On my birthday, my friends took me to Half-Price Books in Capitol Hill (as well as some fantastic restaurants and bars). My brother recommended the place. Good selection, decent prices, but nothing too unusual. If you want to find your run-of-the-mill selections then this is the place to go. Two stories, very nice staff, and easily organized. I missed the old Elliot Bay Bookstore in downtown Seattle, which was one of my favorite places, but did not have a chance to go to their new location.
Mr. B’s Bookery in Kingston. They were a bit more expensive but did have a nice small collectible selection. While I am aware most bookstores focus on their region, I am always on the lookout for something strange. In New Orleans bookstores I have found one-hundred year old government papers from Connecticut and Missouri. Cool, but no help to me. So I always cross my fingers that I will find something like that about New Orleans in some far away place… But no such luck, thus far.
One of my favorite used bookstores is in Port Townsend, William James-Bookseller. I have found some great things there. This trip, I didn’t have a lot of time and some weird guy smelling like cigar kept following me around the store saying, “Well, will you look at that. Did you ever think I would find this?” holding up some book I have never heard of, and of course, I had no idea what the hell he was talking about. Prices for your average paperback seemed a bit high. I don’t want to pay $7 for a used paperback that costs $9 new, but I found some nice children’s books.
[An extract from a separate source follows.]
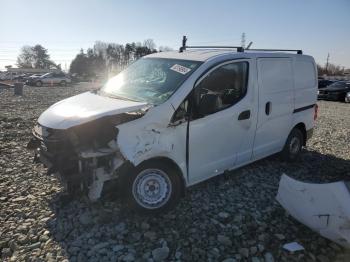  Salvage Nissan Nv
But, the major score of this whole trip was… wait for it… The Goodwill in Silverdale! I was FLOORED at the selection. My sister is a huge fan of Goodwill – she collects glass, old tools (she has some pretty funky sickles to her name) and odds and ends. I went with her to poke around and was immediately flabbergasted by not only their range of books but the prices. Their collectible section was astounding and the majority of my finds came from that store. AND I managed to pick up a groovy pair of bowling shoes and a weird brown velvetish-type jacket with a peacock embroidered on the back.
My complete booklist from my Seattle trip:
Five Points by Tyler Ambinder (really looking forward to this one)
The Making of the Wizard of Oz by Aljean Harmetz
The Peabody Sisters of Salem by Louise Hall Tharp
The Encyclopedia Britannica Vol. I-III (1926 – really beautiful)
The New Century Dictionary Vol. I-II (1927; no III available – this will probably keep me busy for awhile trying to find the last one)
From the Time Life Books: The Old West (wish I could have gotten all of them): The Women, The Great Chiefs, The Gamblers
To America by Stephen Ambrose
In Joy and Sorrow: Women, Family and Marriage in the Victorian South by Carol Bleser (which after I bought I remembered I already owned but have not read. D’oh!)
Little Visits with Great Americans Vol. 2 (1905) by Orison Swett Marden (an incredibly quaint book about artists, sculptors, inventors and other people most of whom are completely obscure now)
Ain’t Nobody’s Business If You Do: The Absurdity of Consensual Crimes in Our Free Country by Peter McWilliams
The Hatfields and the McCoys by Virgil Carrington Jones (1948)
A History of the English Speaking People Vol. 1-3 by Winston S. Churchill
The Collected Works of Abraham Lincoln. Index (1955) by the Abraham Lincoln Association
The Kid of Coney Island by Woody Register
American Bee by James Magure (advance uncorrected proof!)
Fighting Angel by Pearl S. Buck
And I bought an edition of a book for a friend of mine. It’s a secret…
Tik-Tok of Oz by L. Frank Baum (I have read all of the books but my rule for these are either the large paperbacks from the 1960s or the updated hardback versions with colored illustrations)
Mrs. Piggle-Wiggle’s Farm by Betty MacDonald
Where the Red Fern Grows by Wilson Rawls (this is the second book I have ever cried over. I have read this book probably about a half-a-dozen times. I almost finished reading it again on the plane but was getting too choked up and had to stop. This is a lovely old hardback with a photo of the author on the back looking just like you would expect him to)
A Book of Brave Deeds (1952) edited by John T. Trowbridge
The Animal Story Book (1938) edited by Charles E. Knapp
Shrimps by Judy Hawes (very odd book about the life of shrimp)
Ozma of Oz by L. Frank Baum (one of my favorites)
I usually swap out some of my old books to used bookstores, but I think to keep my karma good I am going to donate them (along with a new batch of clothes) to my local Goodwill!